What to do.
Return the line containing "Image of John Deere R4023 equipment image 3" together with every later line up to the end of the records, exactly and with no pictures; return nothing else.
(Beginning of Dataset records)
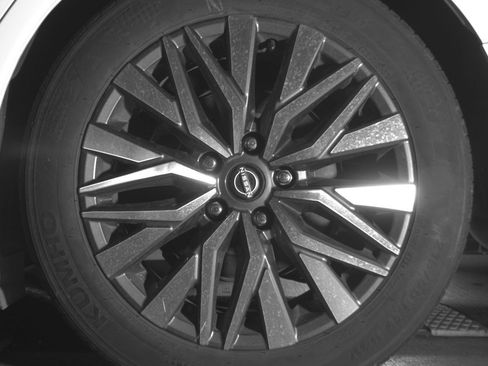 Used 2025 Nissan Altima 2.5 SV image 14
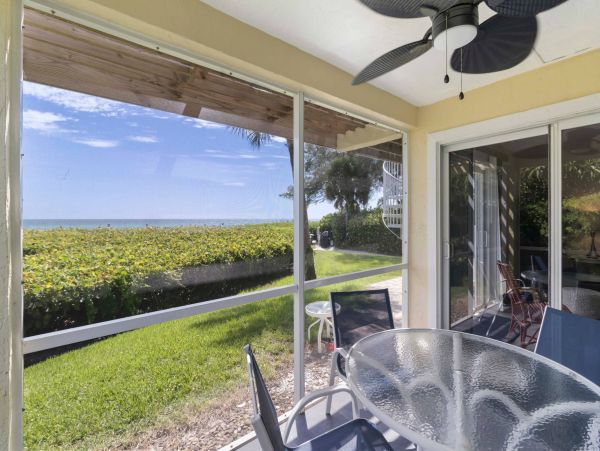Beachfront Two Bedroom Vacation Condo on Longboat Key
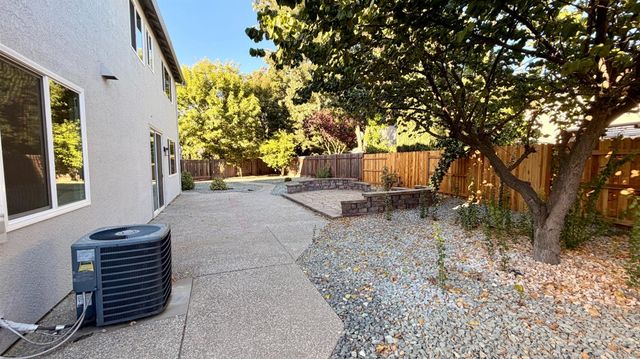 5417 Elk Hollow Ct, Elk Grove, CA 95758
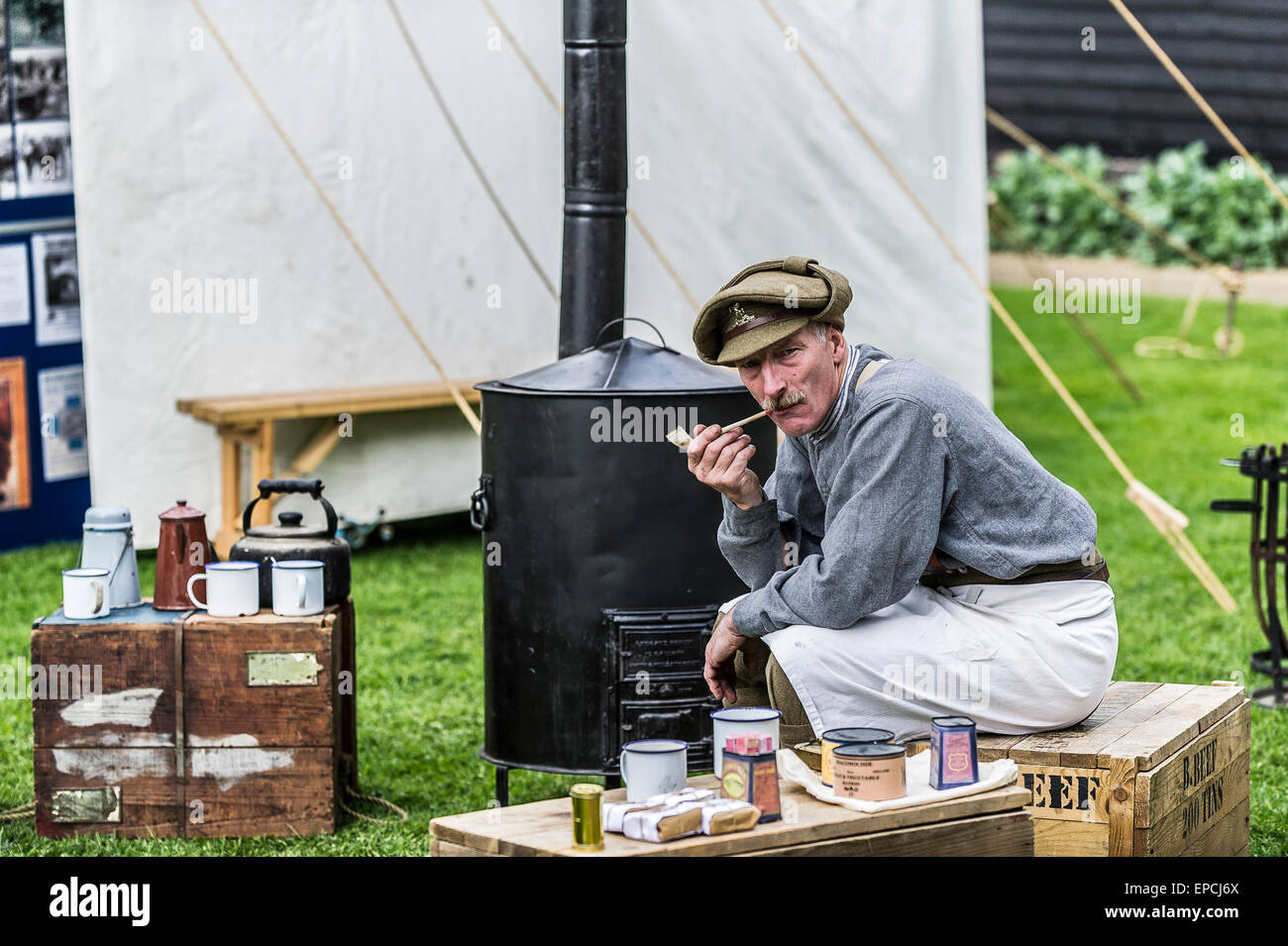 Tempio Cressing Essex, UK. 16 Maggio, 2015. Militari di re-enactors a "Tempio in guerra" una due giorni di militari e Vintage spettacolo basato nel sud-est dell'Inghilterra. Credito: Gordon Scammell/Alamy Live News. Foto Stock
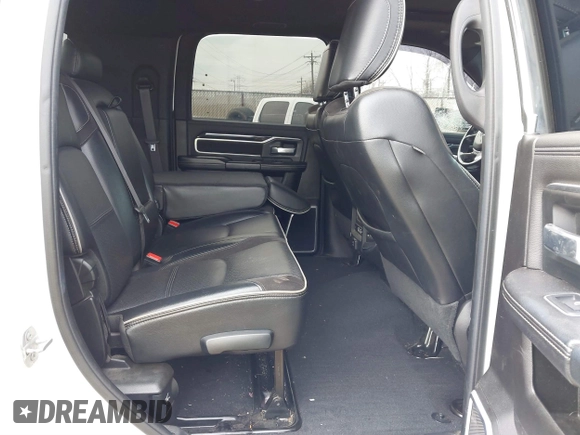 2020 Ram 2500 Laramie with VIN 3C6UR5NL9LG101116, listed as a IAAI auction lot 41694638 with 92,472 mi miles. Bid and sale history available at carsss.com. Image 8.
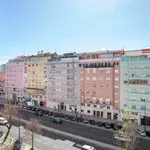 Rent 4 bedroom apartment of 94 m² in Lisbon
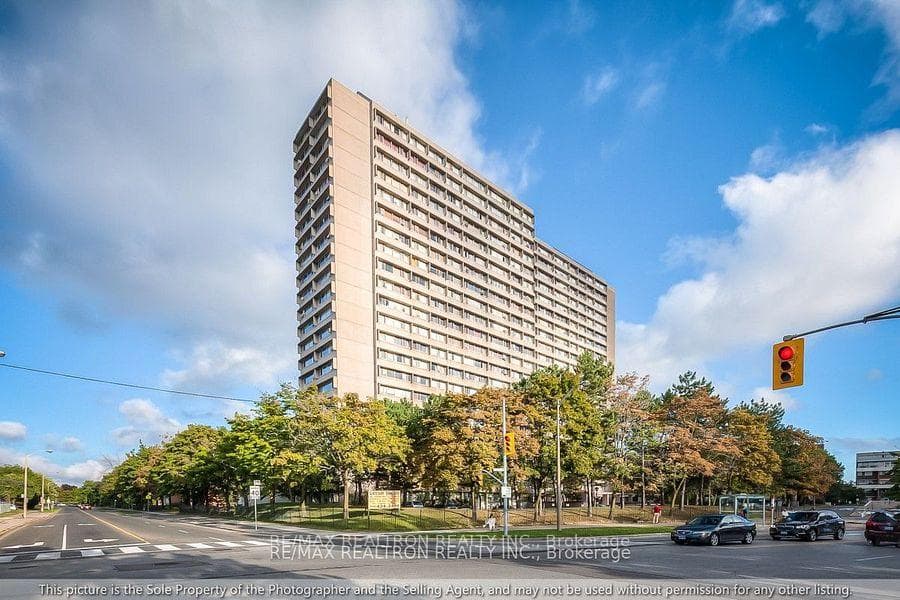 100 Leeward Glenway Unit 206, Flemingdon Park / Don Mills, ON M3C 2Z1 - Photo 1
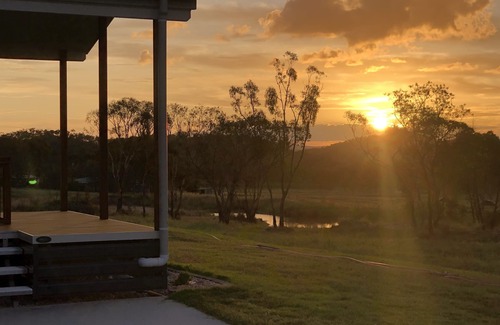 Ballandean Cabin | Modern studio cabin set amongst vineyards, bushland and grazing paddocks.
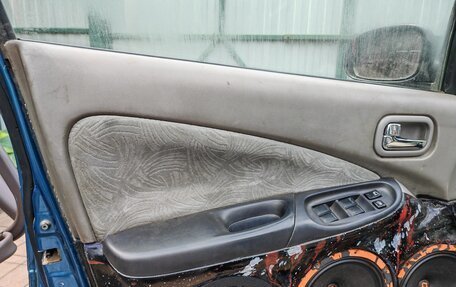Nissan Almera, 2001 год, 150 000 рублей, 6 фотография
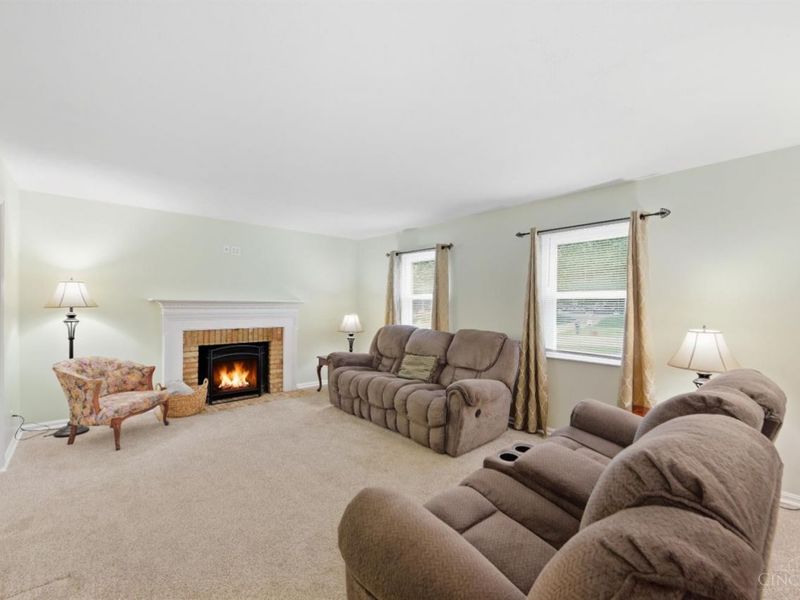 1086 Kimberly Lane, Miami Township, OH 45150 Photo 5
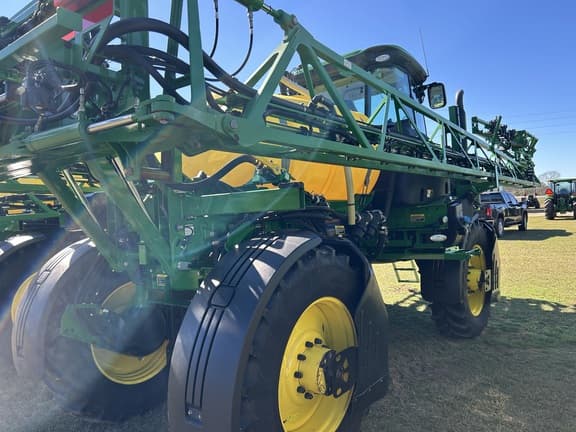 Image of John Deere R4023 equipment image 3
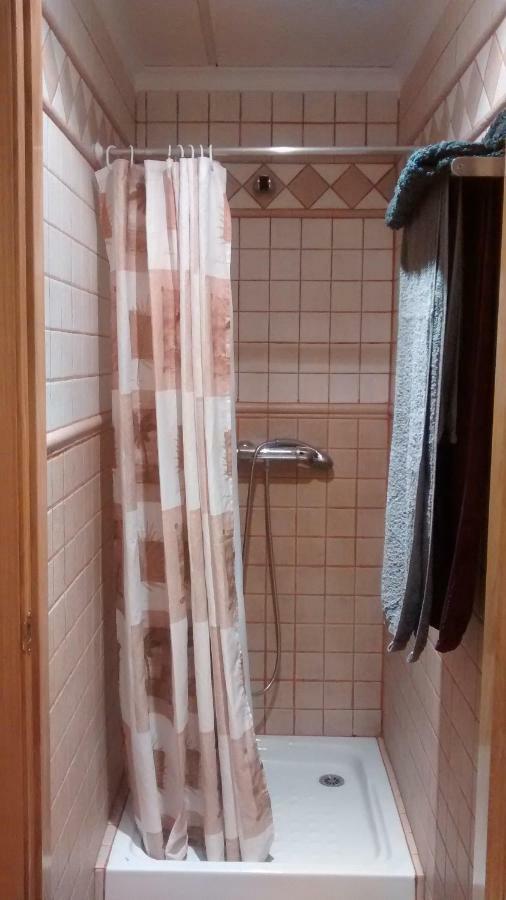 ホテル Hostal Sant Roc Botarell エクステリア 写真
(End of Dataset records)
Answer box.
 Image of John Deere R4023 equipment image 3
 ホテル Hostal Sant Roc Botarell エクステリア 写真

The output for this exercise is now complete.